> GM spends about $40 million a year on Facebook marketing, according to the Wall Street Journal, about $10 million of which is for paid advertisements. It will continue to post relevant content about the company and its brands on GM’s Facebook pages.
The best marketing on Facebook doesn't make Facebook any money.
Direct follow up with people is expensive. From the WSJ:
> GM spends about $40 million on its Facebook presence. About $10 million of that is paid to Facebook for advertising, the rest covers content created for the site, agencies that manage the content and daily maintenance of GM's pages, people familiar with the figures said.
Their page has (roughly) 300k followers. That's $100 per reachable user per year, which is insane.

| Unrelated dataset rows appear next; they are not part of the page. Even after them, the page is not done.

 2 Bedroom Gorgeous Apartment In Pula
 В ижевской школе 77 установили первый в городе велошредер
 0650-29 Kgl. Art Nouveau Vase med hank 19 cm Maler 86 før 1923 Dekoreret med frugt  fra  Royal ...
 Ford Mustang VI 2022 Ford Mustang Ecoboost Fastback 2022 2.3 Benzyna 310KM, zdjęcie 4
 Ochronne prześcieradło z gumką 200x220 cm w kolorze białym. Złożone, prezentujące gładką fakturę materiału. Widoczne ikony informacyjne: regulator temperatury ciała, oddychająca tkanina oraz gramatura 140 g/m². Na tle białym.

If they were using that additional $10mm to get the 300k followers to begin with, that's an even worse indictment of FB advertising for traditional brands.
Remember that they don't have just one brand on Facebook. For example, they have 1.3 million followers on their Chevrolet page. They have 1.1 million for Cadillac. 400k for Buick. 660k for GMC. 525k for OnStar. 350k for their "TeamChevy" Chevrolet racing page. Now, there's sure to be some overlap there; but that's still easily 2 or 3 million followers.

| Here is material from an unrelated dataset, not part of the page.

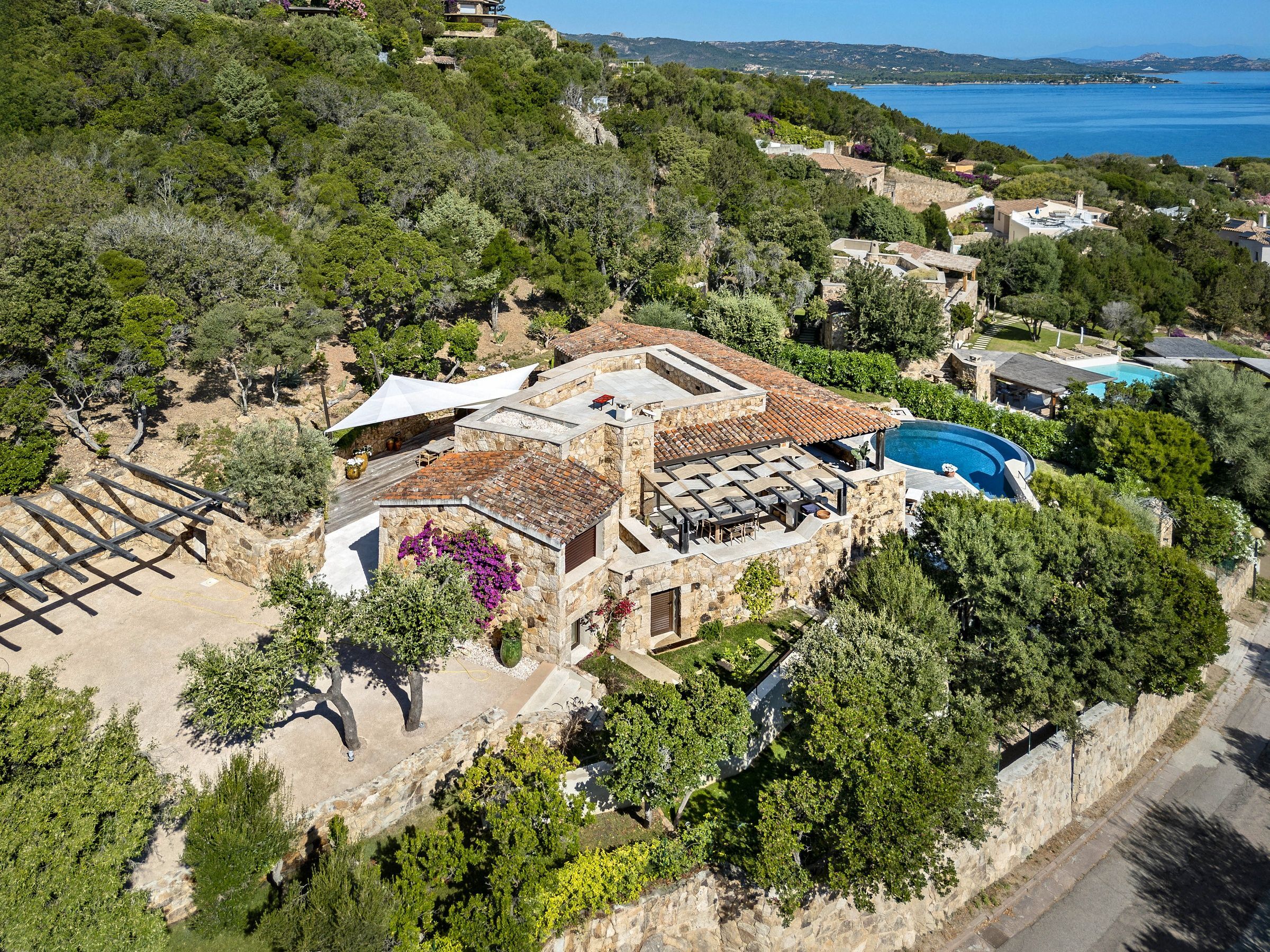 Villa Calamatzu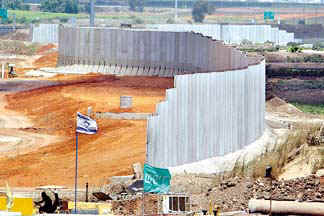Mauer in Israel in Bau, wall in
                  Israel Palestine in construction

That's a factor of 10 more than you were estimating; and that's just based on a quick poll of brands that I took a look at.
One FT employee easily costs more than $100,000 when you include benefits, expenses and so on.
Also GM sells a few dozens models of cars, I could easily see the salaries for the staff who do daily updates for all these models and the advertising agencies who manage it costing 30 million or more.
Also GM has annual revenue of almost 160 BILLION, 30 million is a drop in the bucket in their marketing budget.
Advertising agency doesn't sell you a great campaign, idea or pretty pictures.
they sell you media. with a HUGE markup.
10mil media can cost way more than 30mil if bought from an agency creating the 'creatives' (in the case of car ads, a picture of the car, or a movie of it cruising on a road where the art director likes to take vacations)
I'm curious what your thoughts are from there? Who does the purchasing?
Don't tell me it's all going RTB or something like that; premium advertising is still how the publishers are going to make money and you really can't automate that.
You are going to need high touch sales presence, bespoke custom executions, etc.